Which chromosomal abnormality is most often associated with clear cell renal cell carcinoma?

  1. Deletion of Y and trisomy 7 and 17
  2. Germline mutation of c-MET
  3. Loss of 1 copy of chromosomes 1, 2, 6, 10, 13 and 17
  4. Loss of chromosomes 1 and Y
  5. Loss of short arm of chromosome 3
Board review style answer #1
E. Loss of short arm of chromosome 3. Clear cell RCC is associated with losses in short arm of chromosome 3. Answer A is incorrect because trisomy 7 and 17 and deletion of Y is associated with papillary renal cell carcinoma. Answer B is incorrect because germline mutation of c-MET is seen in hereditary papillary RCC. Answer C is incorrect because chromophobe RCC shows loss of 1 copy of chromosomes 1, 2, 6, 10, 13 and 17 in 85% of the tumors. Answer D is incorrect because loss of chromosomes 1 and Y is observed in oncocytoma.

Comment Here

Reference: Clear cell renal cell carcinoma
Board review style question #2
Which of the following statements regarding clear cell renal cell carcinoma is true?

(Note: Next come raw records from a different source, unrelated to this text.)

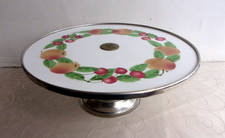 Alte Keramik Tortenplatte Kuchenplatte mit Metall Fuß Spritzdekor? Obst 30,5 cm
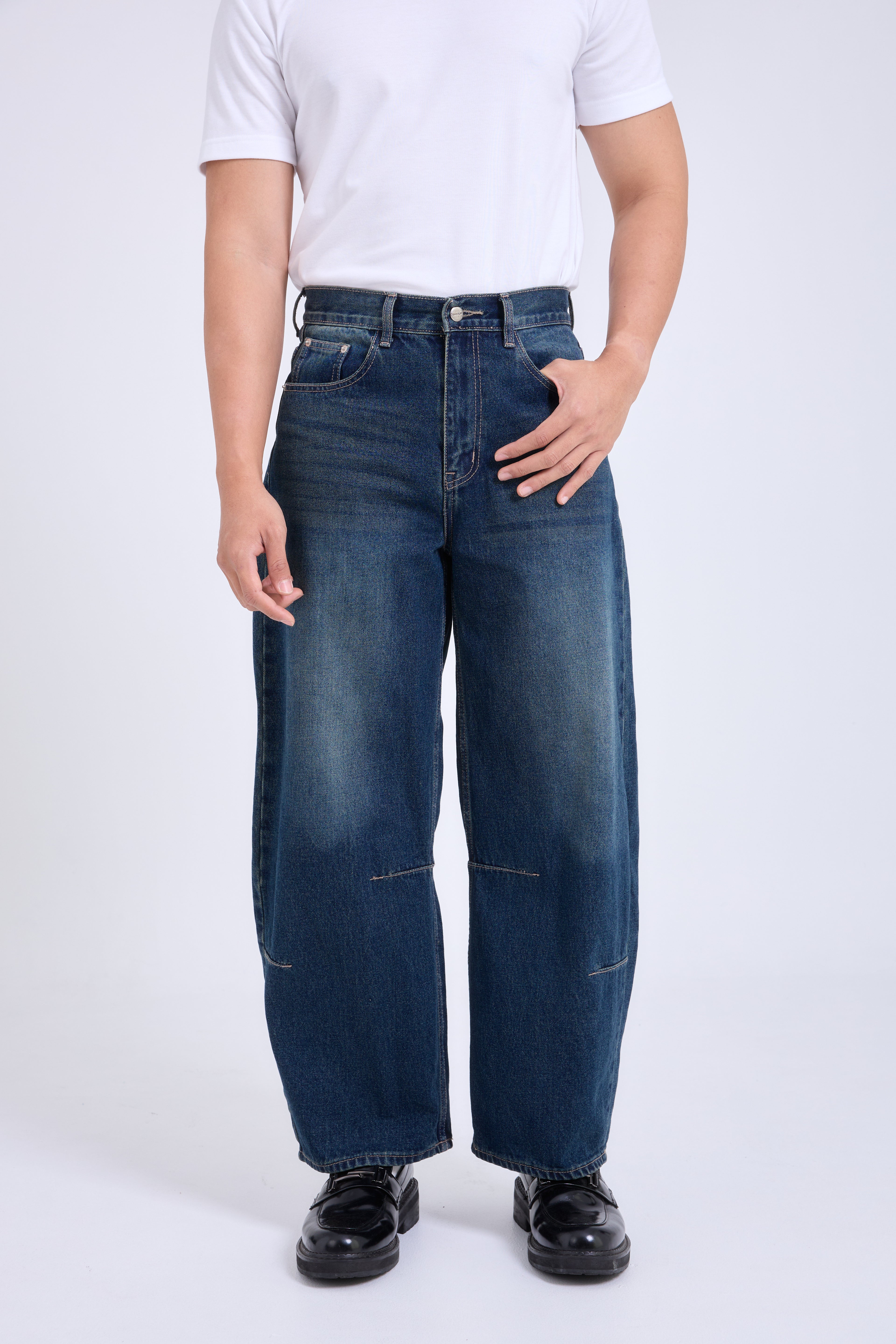 Barrel Jeans กางเกงยีนส์ขากระบอก ทรงบอลลูน (P0057)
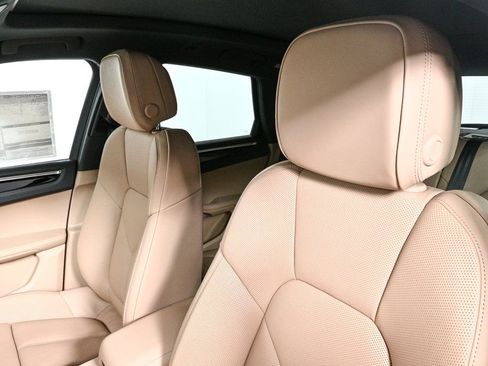 Certified 2026 Porsche Macan image 5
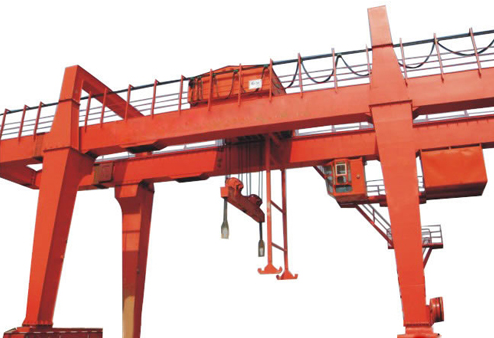 全包廂門式起重機該怎么選擇？購買全包廂門式起重機時要注意什么？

  1. Associated with trisomies of 7 and 17
  2. Has a worse prognosis than papillary renal cell carcinoma
  3. Minimum of 10% of sarcomatoid tumor is required to make a diagnosis of sarcomatoid carcinoma
  4. PAX8 staining is specific for renal cell carcinomas
  5. Tends to be CK7 and CAIX positive
Board review style answer #2
B. Has a worse prognosis than papillary renal cell carcinoma. ccRCC has a worse prognosis than papillary and chromophobe RCC. Answer A is incorrect because trisomy 7 and 17 along with loss of chromosome Y are features of papillary RCC. Answer C is incorrect because no minimum proportion of sarcomatoid tumor is required to make a diagnosis of sarcomatoid carcinoma. Answer D is incorrect because PAX8 is not specific to renal tissue and carcinomas and is also positive in thyroid tissue. Answer E is incorrect because clear cell RCC is generally CK7 negative, although weak focal staining can be seen in a small percentage.